Kinetic Theatre's production of Sherlock's Last Case, directed by Andrew Paul and written by the late Charles Marowitz, is a fist made of theater which ripped through my chest right for my heart, like in Temple of Doom. It's the kind of a play that makes every attempt to describe it through metaphor labored through its sheer peculiarity.
It's less a detective story than a character study — a subgenre of detective story generally enjoyed only by English professors. Misdirection is employed, but to the end of future surprise. There are clues, but only to motivations — the plot twists are happily ridiculous. It's difficult to talk about Sherlock's Last Case because, unlike a detective story where the only real spoiler is whodunit — such as The Mousetrap, which enjoyed decades of critical acclaim without a reviewer publicizing the killer (it was his sled) — Last Case pulls the rug out from under the audience several times before curtain call. And these pulls account for the best part of the show.
And this is not to cast aspersions on the rest of the show! The cast is admirable, from Weston Blakesley as a very funny Lestrade, and Susie McGregor-Laine's adorably Scottish Mrs. Hudson, to Moriarty and an ingénue played by Joanna Strapp. The central duo, of course, will dominate your attention. As Holmes, David Whalen manages to bring charm to a role that, drug-addicted misanthrope that Holmes is, could have ended up quite distasteful. Simon Bradbury's Watson has my affection for humanizing a character who could have gone far off the rails in a story like this — or faded into the background, as many a Watson before.
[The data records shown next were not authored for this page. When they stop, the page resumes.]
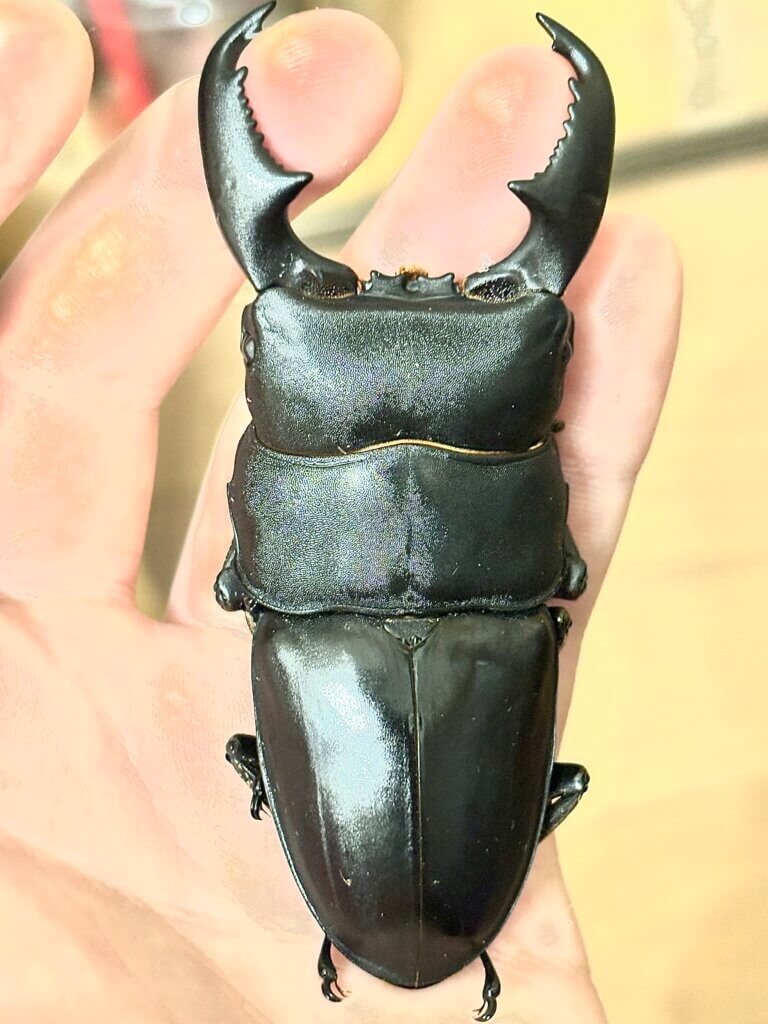 カリマンタンヒラタクワガタ　Mt.Meratus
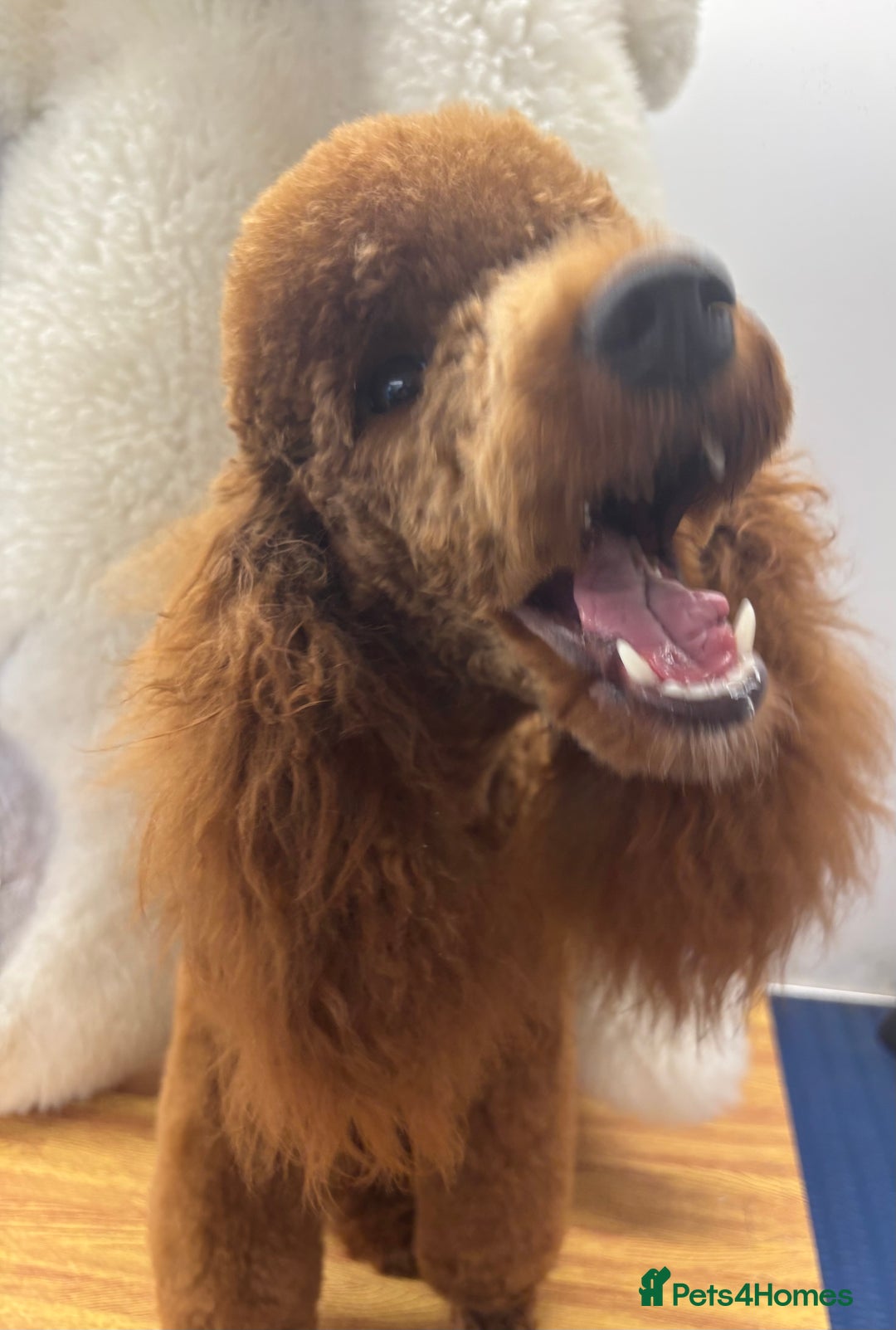 Miniature Poodle dogs for sale: Beautiful deep red  - Image 2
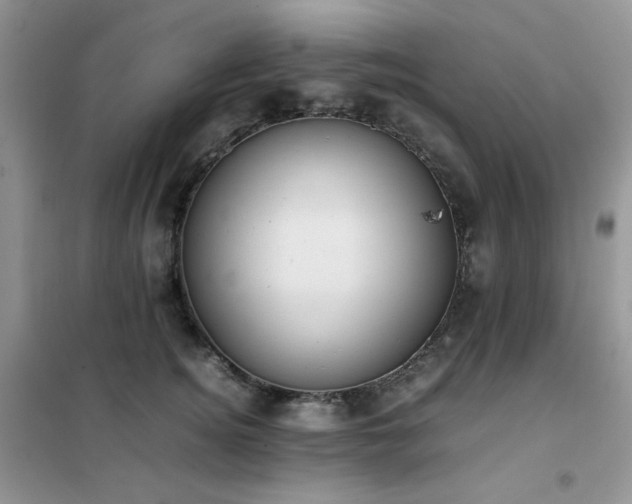 X0000102390756200808011600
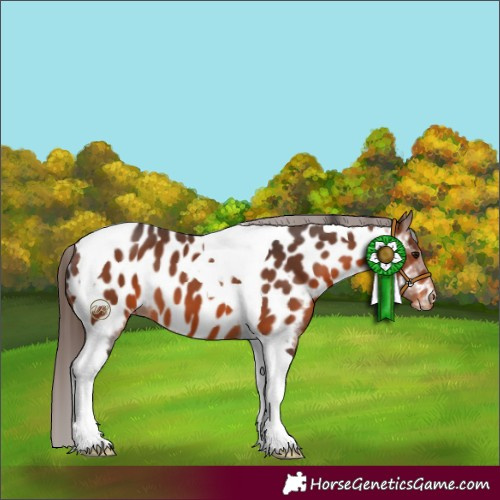 Horse Color:Brown Tobiano Near Leopard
I don't want enthusiasm to scrub me entirely of critical faculty. I am relatively sure Watson exits one scene into what has been established as a closet, and the story frequently drops into comic-book stuff, albeit winkingly so, in its devices and even character motivations. That's one advantage stage has over page, of course — to see a physical person is to do most of the work in making an emotion believable, relatable — and presumably a reason the detective's afterlife on the stage has been so long.